▶ _WHAT YOU HAVE TO DO_
Though the records contain pictures, copy none of them; repeat exactly the lines from the one with "华能集团安徽分公司党委书记马冰武履新华电集团副总经理" to the end.
======
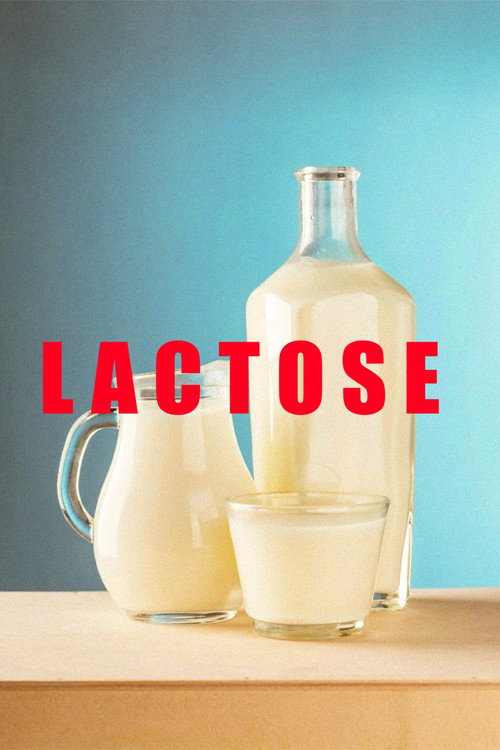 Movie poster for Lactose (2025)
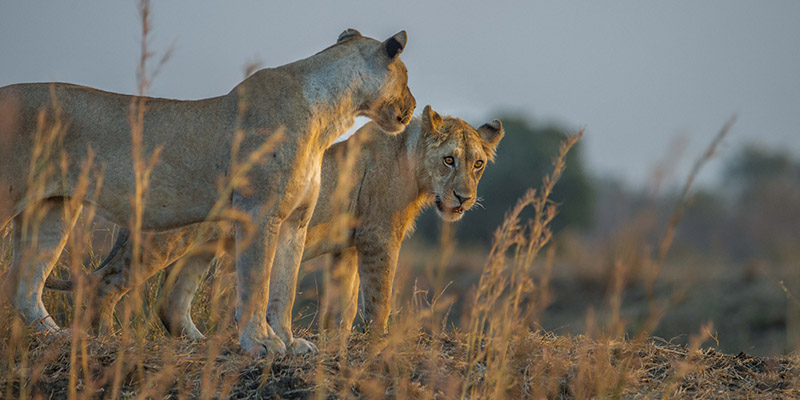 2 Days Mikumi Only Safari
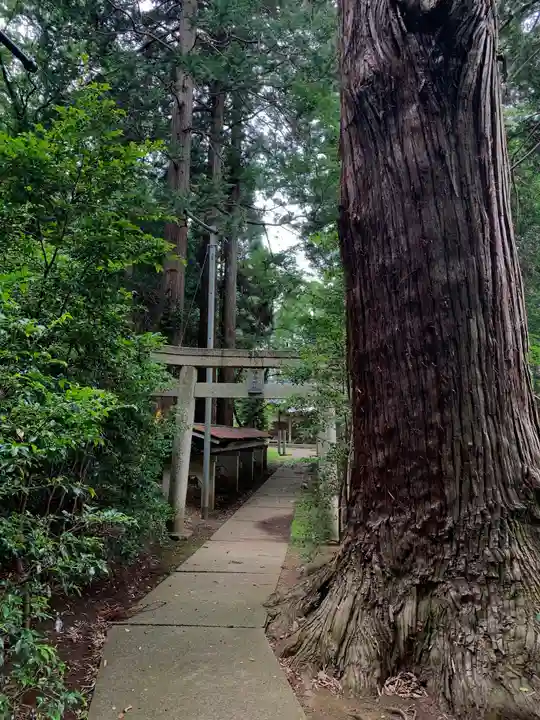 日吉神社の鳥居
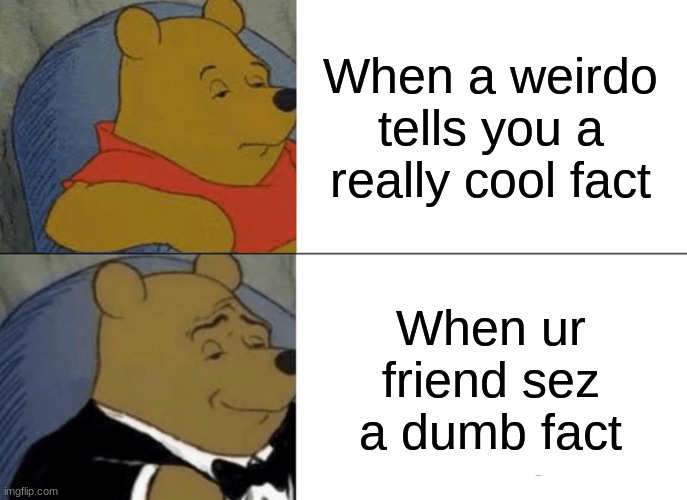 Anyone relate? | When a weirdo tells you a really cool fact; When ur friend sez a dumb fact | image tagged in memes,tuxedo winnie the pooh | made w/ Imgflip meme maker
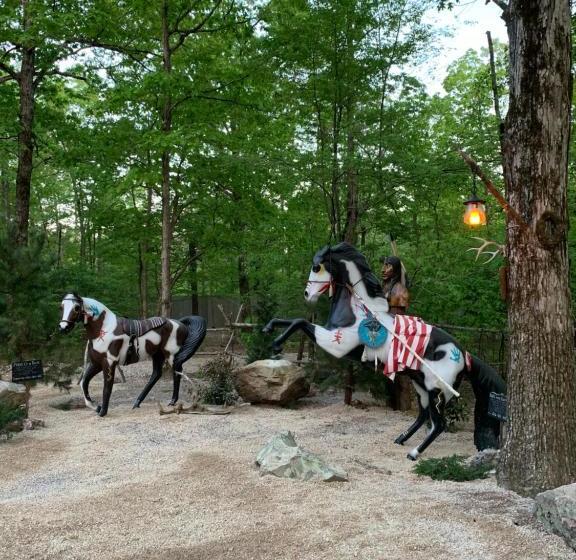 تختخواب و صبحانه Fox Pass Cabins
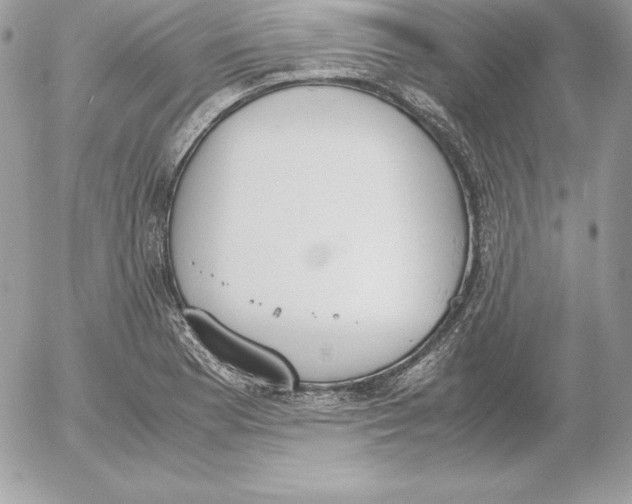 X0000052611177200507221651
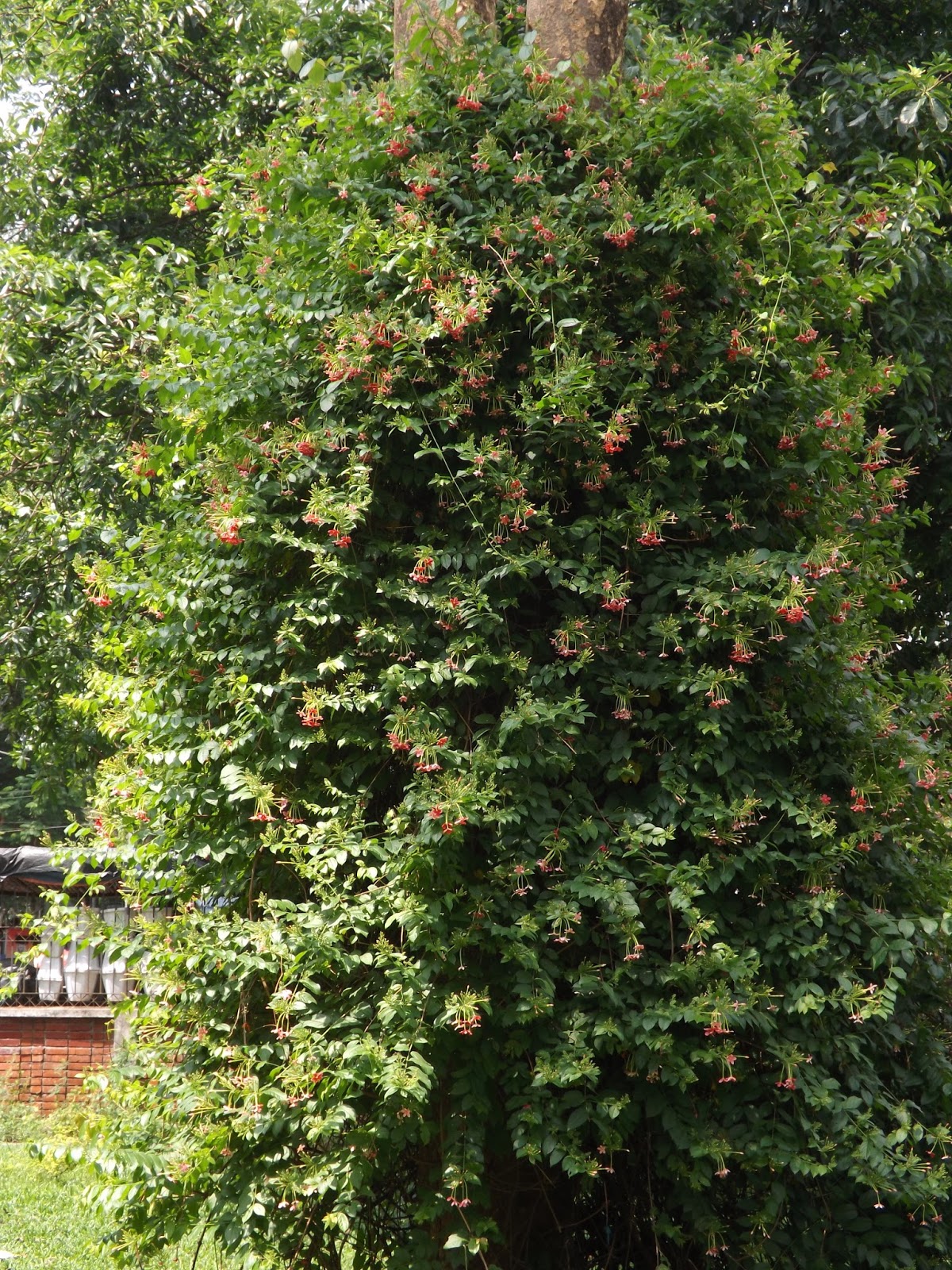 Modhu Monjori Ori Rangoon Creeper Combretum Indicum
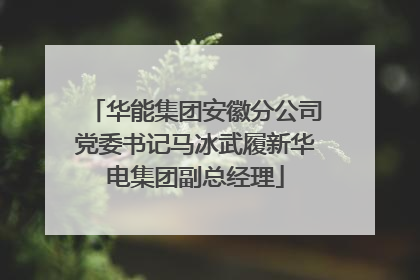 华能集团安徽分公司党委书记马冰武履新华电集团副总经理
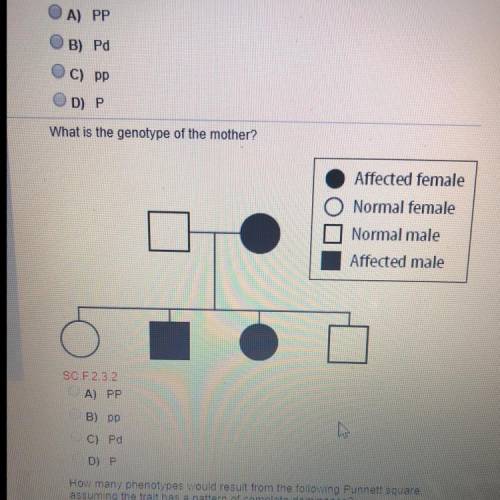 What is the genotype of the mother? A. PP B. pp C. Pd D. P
======
▶ _EXPECTED ANSWER_
 华能集团安徽分公司党委书记马冰武履新华电集团副总经理
 What is the genotype of the mother? A. PP B. pp C. Pd D. P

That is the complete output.